Unless you’re a member of Gen Y or you have a boomerang kid on your couch, you might not be overly concerned about the outsized 15% unemployment rate among young Americans.
Unfortunately, says a new report, their inability to get jobs is, in fact, your problem. The impact of that statistic stretches beyond individuals and even generations.
Researchers from young adult advocacy nonprofit Young Invincibles looked at the present impact of the bleak job market on the U.S. economy.
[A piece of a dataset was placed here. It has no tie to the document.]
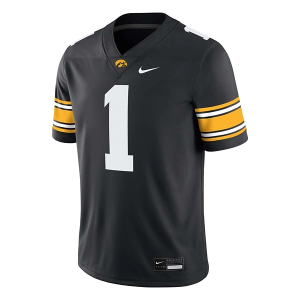 Nike Iowa Hawkeyes Replica Football Game Jersey
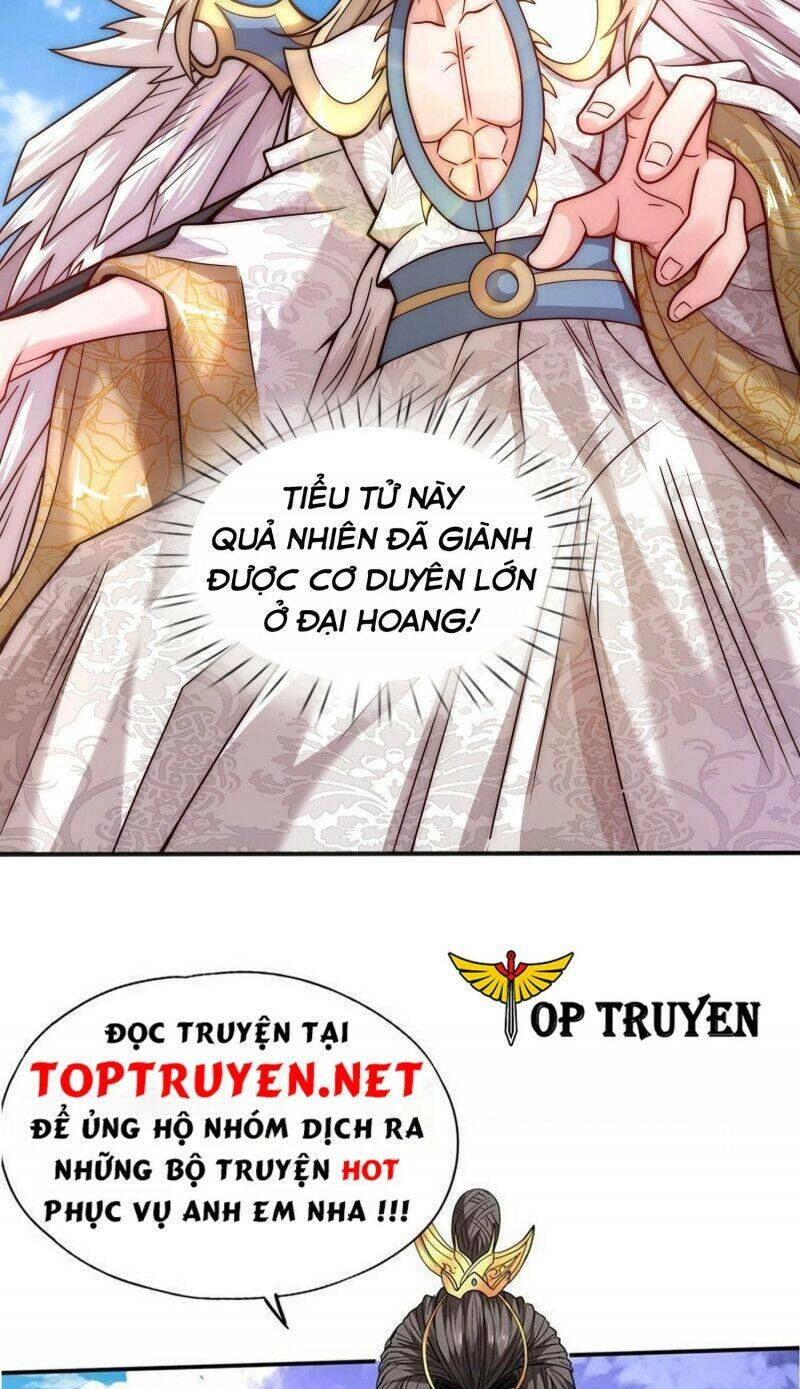 Huyền Thiên Chí Tôn Chapter 7 - 24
To do so, reports the New York Times, the group estimated how much each unemployed worker would have paid in taxes had he been working, as well as how much he wouldn’t have collected from government programs like unemployment.
Ultimately, they found that unemployed adults ages 18-34 cost federal and local governments nearly $8.9 billion a year. And if you take into account the discouraged youth who aren’t technically considered unemployed because they aren’t actively looking for jobs, that number rises to $25 billion. About 93% of that is money lost to unpaid taxes; the rest is from government spending on social welfare programs.
Those numbers may feel abstract, but look at it this way: If taxpayers were directly billed for the $8.9 billion or the $25 billion in costs and lost revenue, we’d each pay about $60 and $171 extra in taxes, respectively—a burden that would weigh upon all generations.